In a perfect world, everything we bought at the store would work. In a perfect world, a product would not harm or kill us.
No one goes to the store thinking they might come home with a defective product that might seriously harm or kill them. They figure the item is safe and they will be fine using it. They read the instructions, all the warnings and then do what the product was intended to do without any problems.
“In a perfect world, everyone would actually read all the directions and actually use the item for what it was made to do, not something else. In a perfect world the manufacturer, designer and so on would have the proper warnings, clear and detailed directions, and cover absolutely everything a consumer needed to know.
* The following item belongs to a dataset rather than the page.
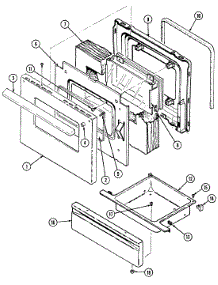 03 - Door / Drawer (L3527wrv) parts for Norge Range L3527WRV from AppliancePartsPros.com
Unfortunately, we don’t live in a perfect world, and manufacturers, etc. don’t always do a good job of warning the public about the dangers of their product,” explained Beverly Aylmer, a personal injury lawyer with the Lee Law Firm in Austin, Texas.
The other thing to bear in mind when discussing product liability is that the maker of the product has their own agenda when it comes to products – selling them for a profit. Often selling defective products out trumps safety concerns for the end buyer or user, much to their detriment.
The idea is that people should be able to buy products and assume it won’t hurt them or anyone else for that matter – like the neighbor who borrows your new chain saw and loses his fingers because the guard came off. “The shocking thing is that every year thousands of Americans are badly hurt and killed due to a dangerous product. It’s definitely a serious problem, and one that not much can be done about until after the fact,” Aylmer pointed out.
Stopping defective goods in their tracks isn’t always possible simply because an item may become something dangerous at any step in the process of its creation. It could happen in the design stages, manufacturing or during distribution. “Add to this that some products are dangerous just because of their nature – a chain saw, something with razor sharp edges or a product with a heating element. That being said, end users have a right to fair warning about the dangers of such items,” said Austin personal injury lawyer, Beverly Aylmer of the Lee Law Firm.
The bottom line is that companies who make goods from start to finish are tasked with the responsibility to make sure those items are safe for the general public. If the product has the potential to be dangerous, fair warning needs to be issued. If someone is hurt, that company may be responsible for their injuries, and they need to take courage in hand and recall their product disaster.